The Kern County District Attorney’s Office says all of the newly-surfaced alleged incidents occurred over a period of months in 2019. In total, Clark is charged with nine felonies and two misdemeanors.

Clark has pleaded not guilty to three felony charges related to the previously-reported incident.

He faces two additional charges of felony stalking, two counts of felony sexual battery, two counts of felony assault by a public officer and a misdemeanor charge for touching a person intimately against their will for arousal, along with another misdemeanor for obscene or threatening telephone calls.

While KBAK 29 reported in December, that Clark was no longer working for the Sheriff’s Office, the department could not confirm Clark’s employment status to The Californian on Friday.

In one of the newer allegations, a woman said Clark arrested her and then groped her genitals and breasts while she was handcuffed. Another woman said that after Clark responded to a call for service at her residence, he called and texted her in an attempt to start a sexual relationship.

One of the women appears to have filed a claim against Kern County relating to her alleged assault.

Although the Kern County District Attorney’s Office would not comment on the claim, the date and description of events match information in a claim filed on Feb. 13 of this year.

In a sworn statement included in the claim, the woman says Clark and two other deputies arrived at her home, shouting “probation sweep!” on Feb. 14, 2019. She said the deputies told her she was under arrest and placed her in handcuffs.

The sweep occurred after the woman’s boyfriend had filed a claim against several sheriff’s deputies alleging harassment, and the woman said she believed the deputies hoped to intimidate her from testifying on behalf of her boyfriend.

The woman said Clark took her to his patrol car by himself for another search.
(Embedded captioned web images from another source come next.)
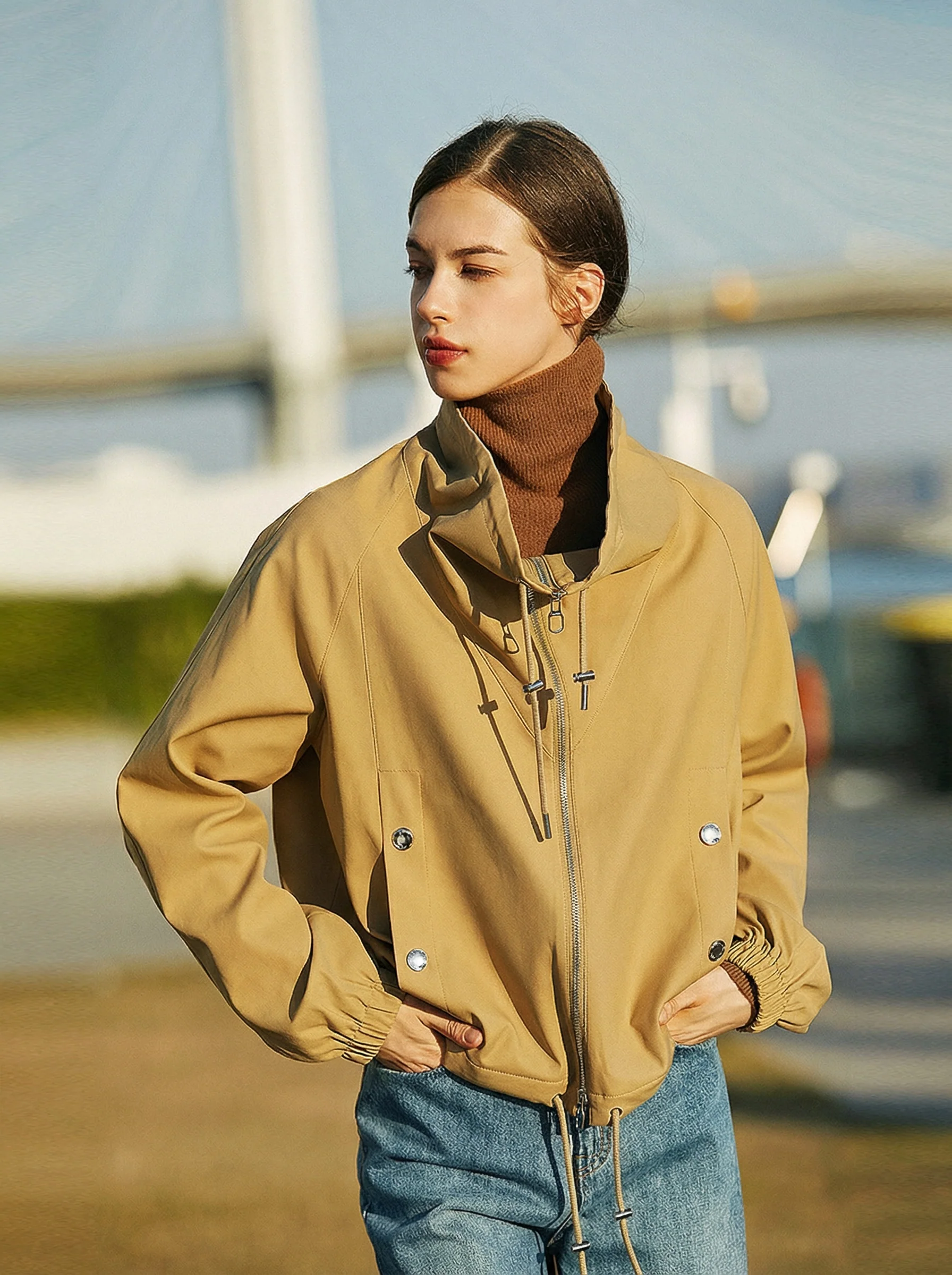 Drawstring Zip Jacket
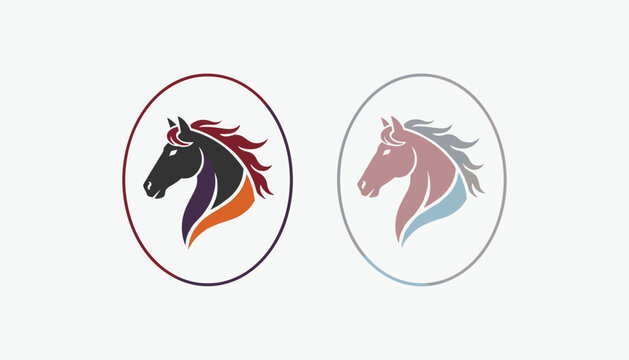 Two stylized horse head logo emblems in oval frames with dark and pastel color schemes on white background.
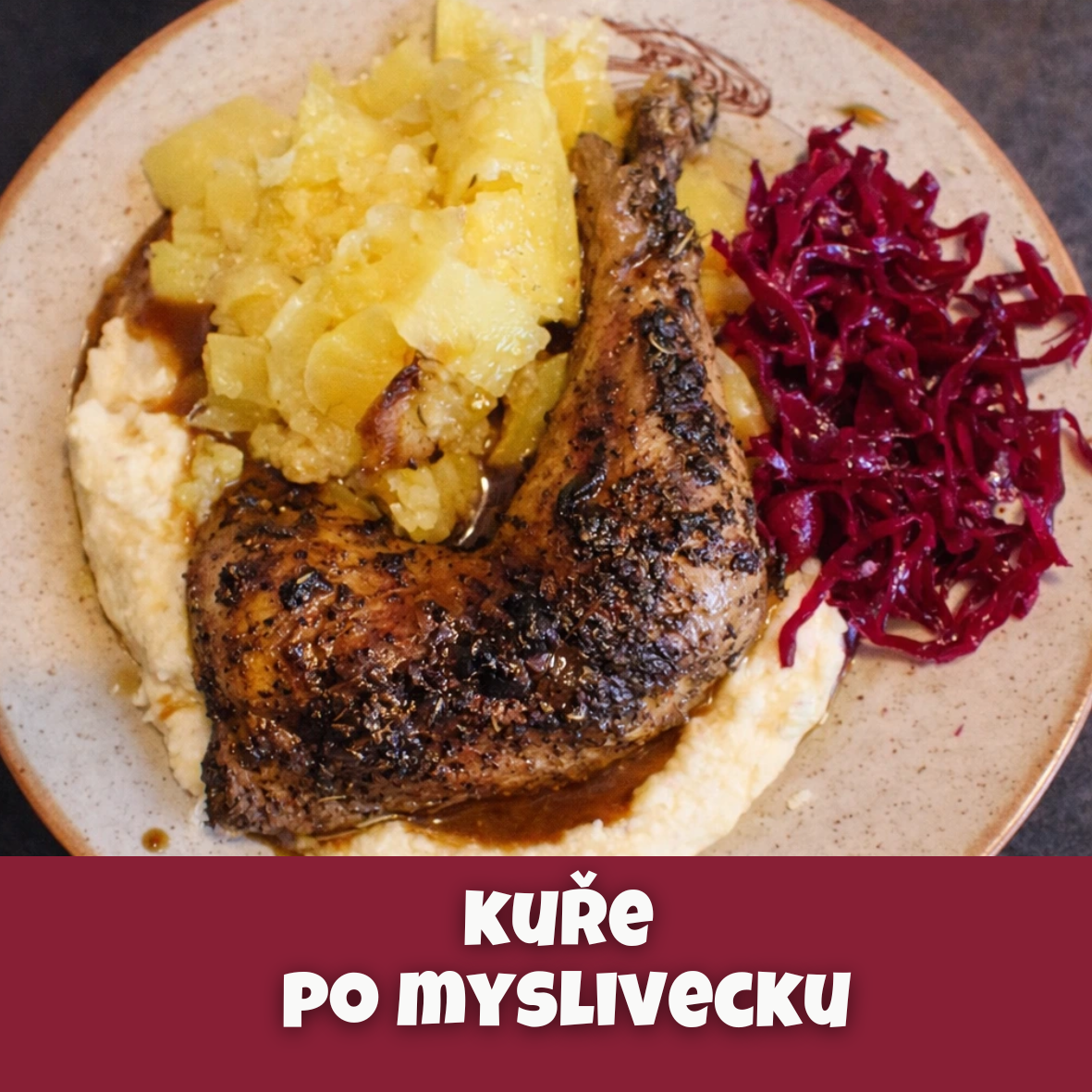 Pečené kuře po myslivecku, celerové pyré, gratinované brambůrky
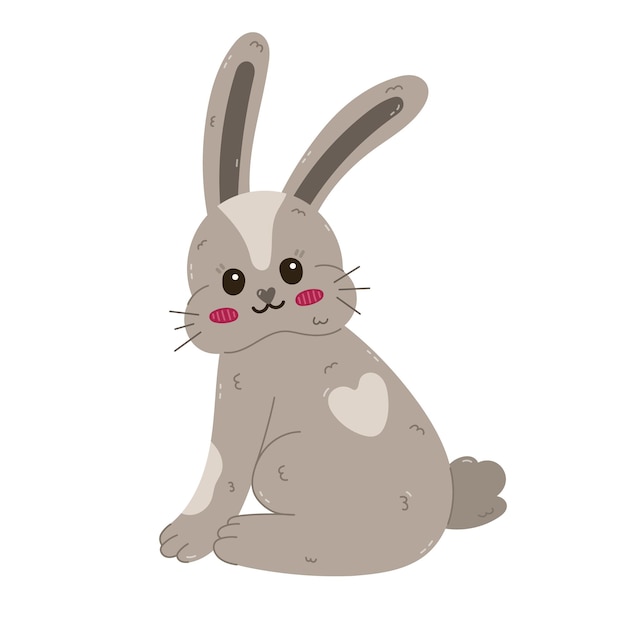 El encantador conejo de Pascua de dibujos animados con la mancha de pelaje del corazón en la espalda se dio la vuelta con la cara alegre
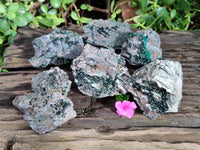 Natural Libethenite Crystals and Malachite On Dolomite Matrix Specimens x 6 From Shituru, Congo - Toprock Gemstones and Minerals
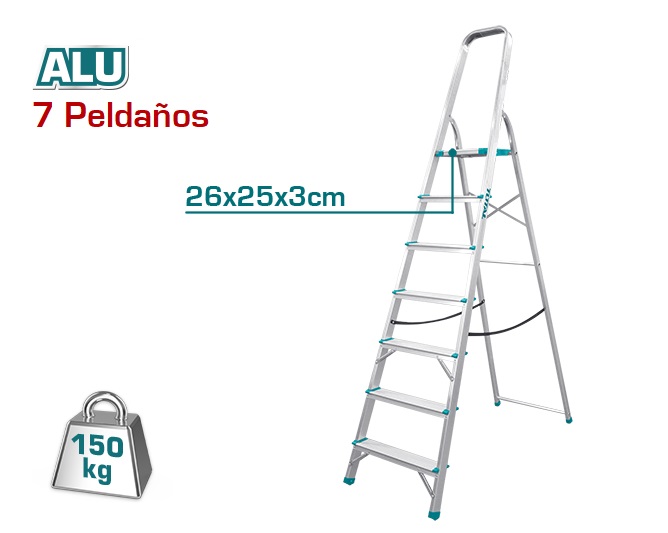 Escalera Total Aluminio 7 Peldaños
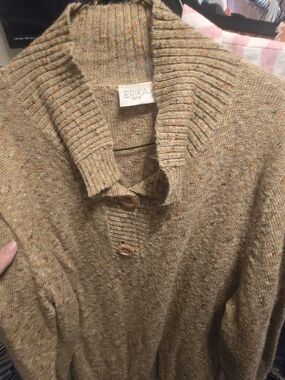 Erika Men's Speckled Tan V-Neck Shawl Collar Sweater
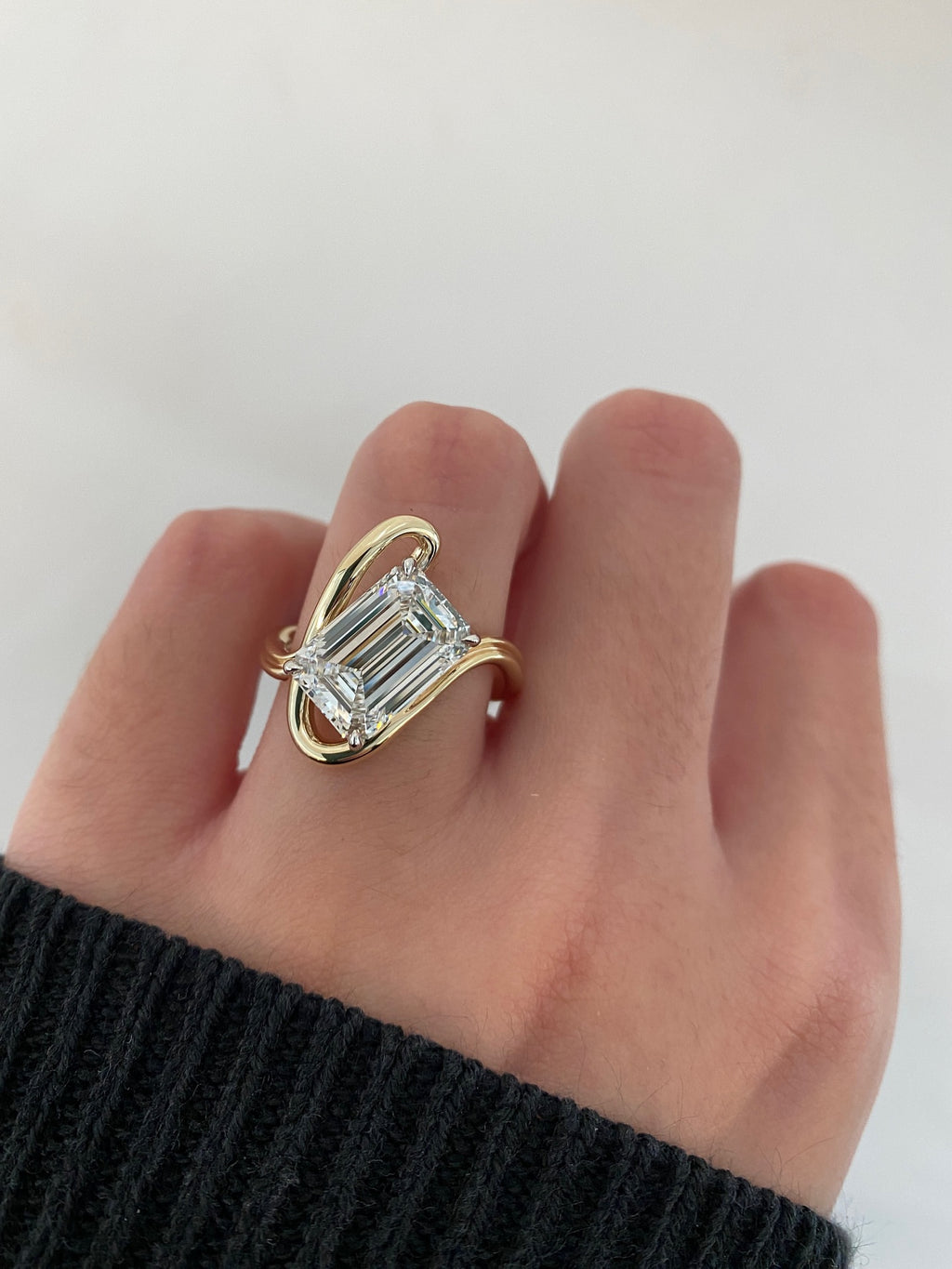 3 Carat Emerd Lab Grown Diamond Rings 18K Yellow Gold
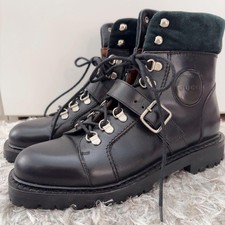 GUCCI Boots Heel Leather Brown EU37/US7 121413c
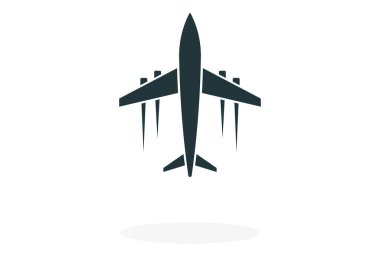 Uçak. Basit bir ikon. Grafik tasarımı için düz stil ögesi. Vektör EPS10 illüstrasyonu.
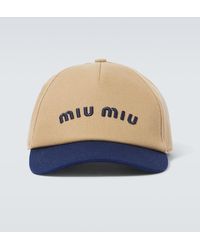 Miu Miu - Gorra de pana de algodon con logo - Lyst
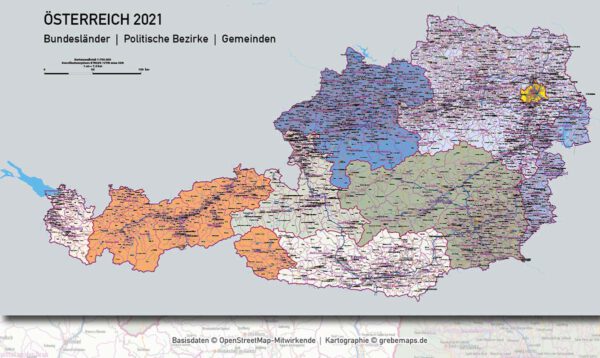 Österreich Austria Vektorkarte Bundesländer Bezirke Gemeinden Autobahnen (2021), Karte Österreich Gemeinden, Karte Austria Gemeinden, Karte Österreich Bezirke, Vektorkarte Österreich Bezirke, Landkarte Österreiche Bundesländer, vector map austria ai, ai-datei, download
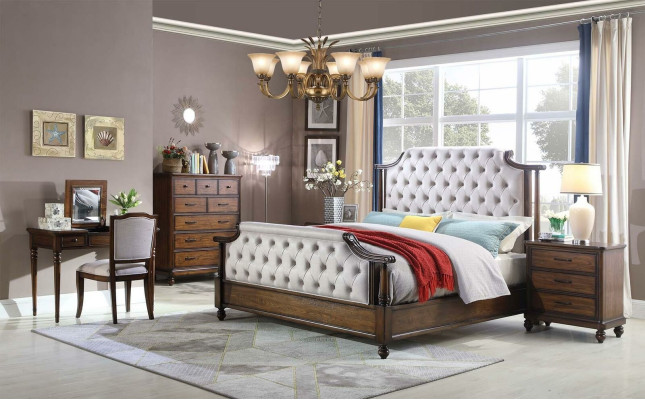 Design Schlafzimmer 6 tlg. Schlafzimmer Komplett Set Bett Nachttisch Kommode Neu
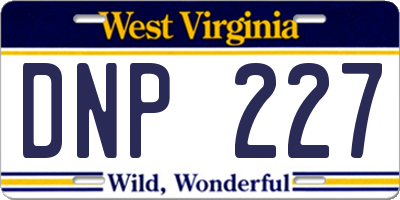 WV license plate DNP227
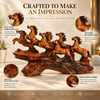 WellHomes™ 7 Running Horses Statue for Home Decor – 9Inches Premium Brown Decorative Horse Showpiece for Living Room, Office & Entrance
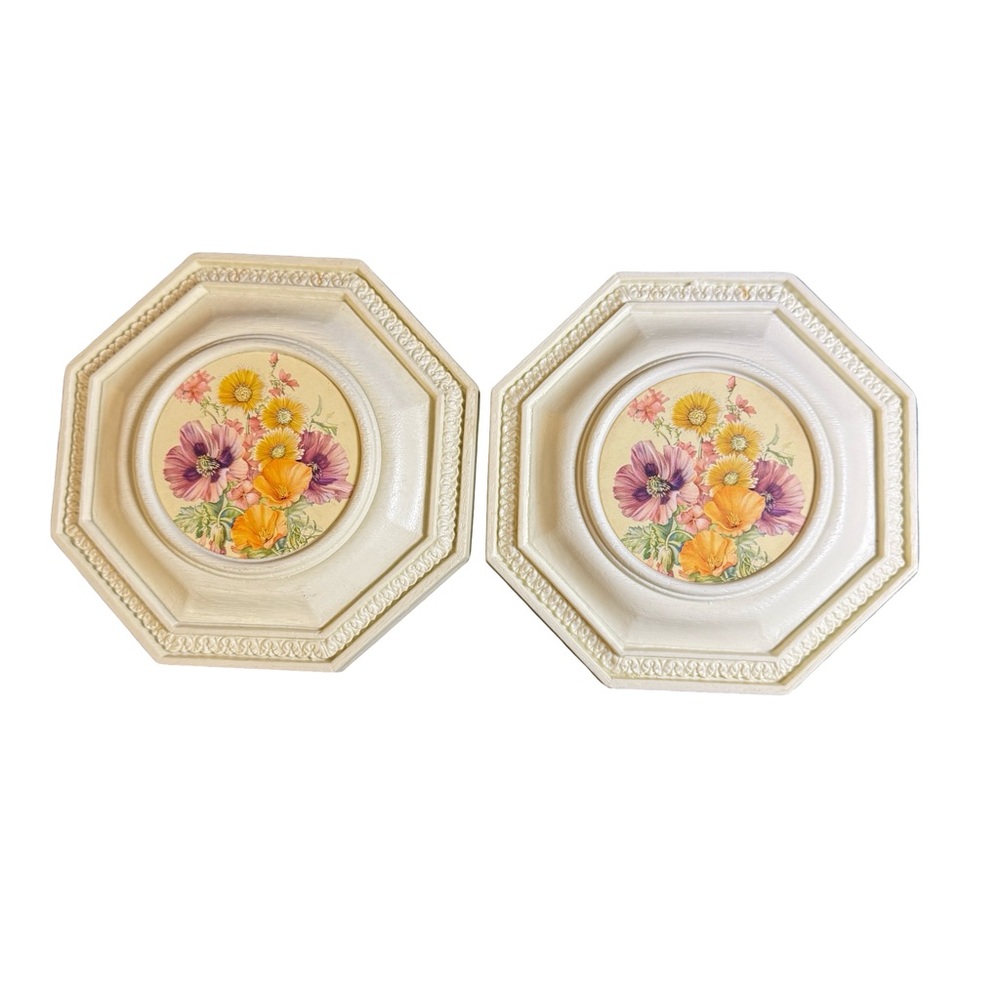 Set 2 Burwood Homco Vintage‎ Floral Wall Art Hanging Cottagecore MCM Plastic 70s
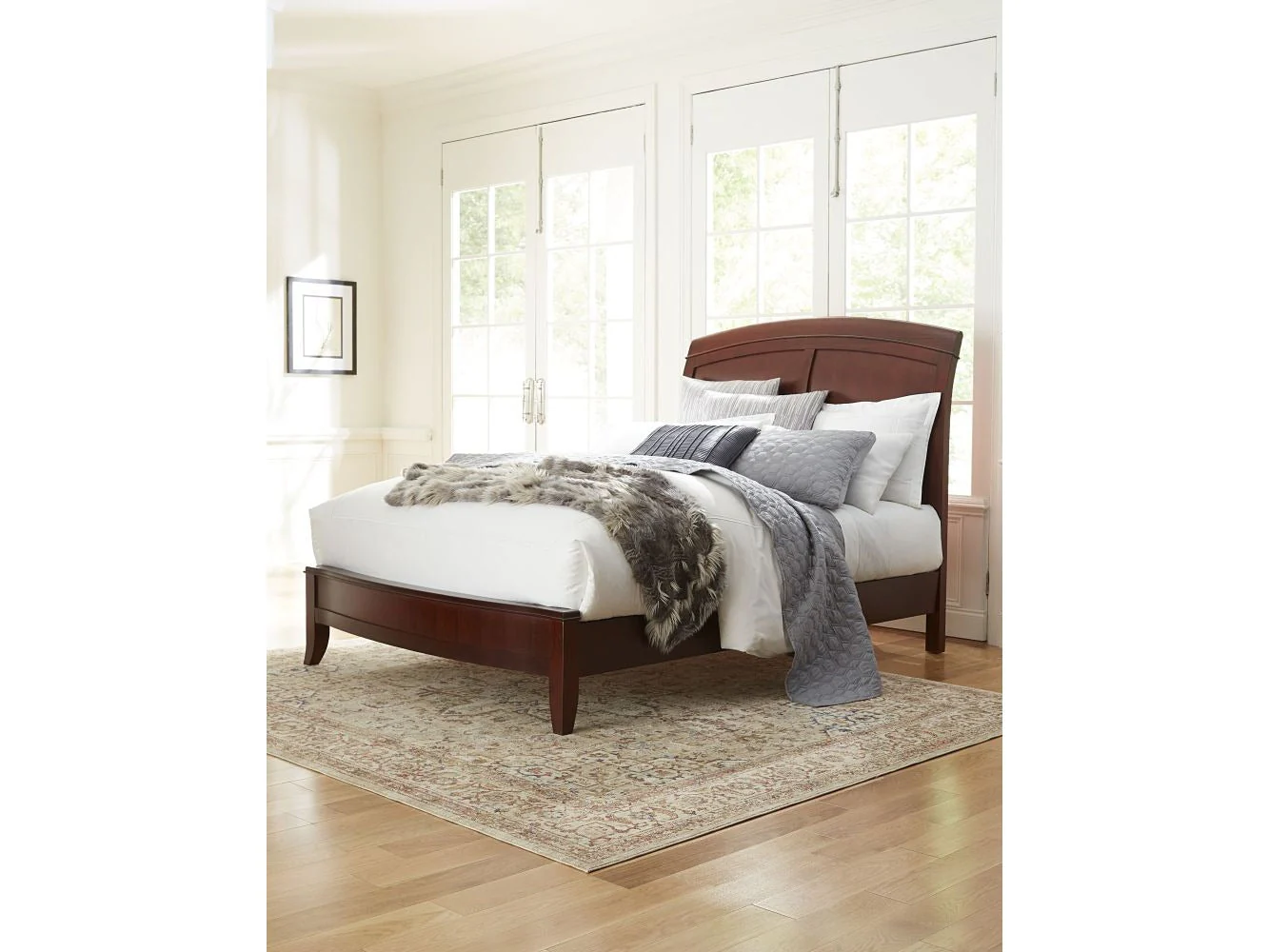 Brighton Wood Eastern King Sleigh Bed in Cinnamon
During the search, the claim says the woman was “touched, rubbed, stroked, grabbed, groped, fondled, and/or molested” in her private areas.

Later, the woman said she was driven to the sheriff’s downtown receiving facility and left inside the patrol car for 20 minutes with the windows up and the heater set at the maximum level.

When the woman requested the “uncomfortable situation” be fixed, she says a deputy swore at her and laughed. She claims she was held for around 38 hours at the central receiving facility without food or water even though she informed officials she had hypoglycemia, a condition caused by low blood sugar.

She said she believes her treatment was intended to intimidate her, and that if she spoke out she would be subjected to intensified harassment.

“We are alleging that there was a complete abuse of power by Deputy Michael Clark,” Danay Gonzalez, an attorney representing the claimant, wrote in an email to The Californian. “It is our information that he sexually assaulted, harassed, and intimated our client while he was in uniform, on the clock, and on the taxpayer’s dime. There is plenty of evidence to support this.”